Sur cette terre pour créer

Jean Prouvé est une figure de l'architecture1. Est-ce parce qu'il n'est pas de la corporation ? Il est ingénieur, et garde à quatre-vingts ans une fraîcheur de jugement, une disponibilité aimable qui le font citer comme référence par plusieurs générations de praticiens, des modernes aux « post », des conservateurs aux ex-gauchistes, par-delà les lisières barbelées des « écoles ». Le génie inventif de Prouvé, son humanisme, ont été récompensés aux Pays-Bas par le prix Érasme. En France, une exposition, un peu sommaire, présente actuellement son œuvre au Musée des arts décoratifs (« le Monde » du 10 février). Il est resté longtemps à l'écart des honneurs, des académies et des étiquettes. Mais Jean Prouvé, toujours modeste et fermé, n'a pas adouci la verdeur de ses propos à l'égard d'institutions dont il conteste l'utilité.
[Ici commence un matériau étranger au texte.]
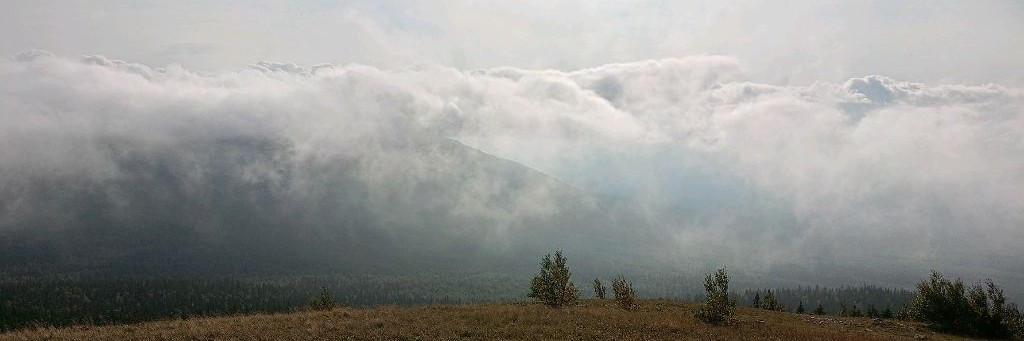 Команда Андреича | Andreich's team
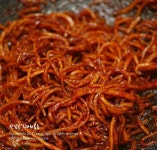(오징어채) 진미채볶음 황금레시피 공개! : 네이버 블로그 | 볶음 요리, 반찬, 음식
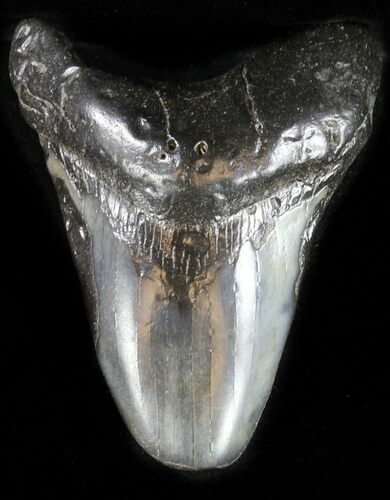 Partial, Megalodon Tooth #31154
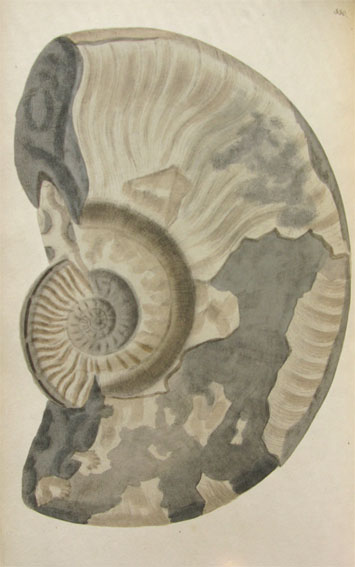 Ammonites Murchisonae SOWERBY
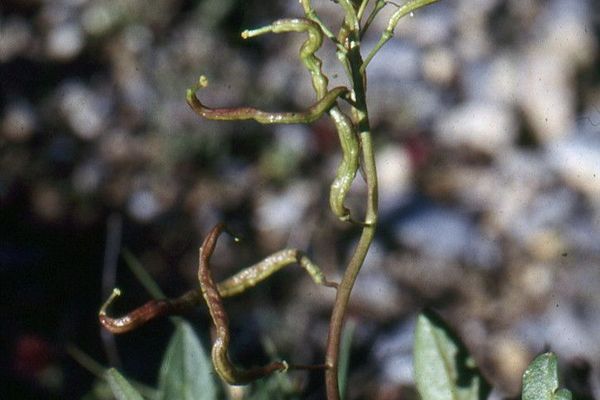 Brassica repanda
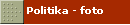 Politika - foto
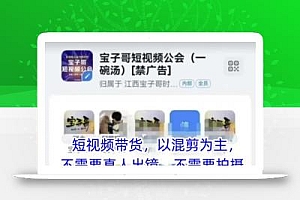 宝子哥头部团队短视频带货,以混剪为主,不需要真人出镜,不需要拍摄【更新6月】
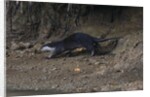 Hairy-nosed otter (Lutra sumatrana) by Anonymous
L'INSCRIPTION à l'ordre ? dit Jean Prouvé. Il y a longtemps que j'aurais pu le faire. Mais j'ai des idées très arrêtées. Quand on me l'a proposé, c'était bien tard, et je ne vois pas pourquoi les architectes ont besoin d'une loi pour faire de l'architecture, ou d'un ordre pour se défendre corporativement. Je ne l'ai jamais caché. Ce n'est pas à la fin de ma vie que je vais changer d'avis. Ce serait de l'opportunisme. J'ai été outré des barrages que l'on dressait devant moi. L'inconvénient, c'est que je ne peux pas prendre un chantier en mon nom propre...

- Votre cheminement personnel est très particulier...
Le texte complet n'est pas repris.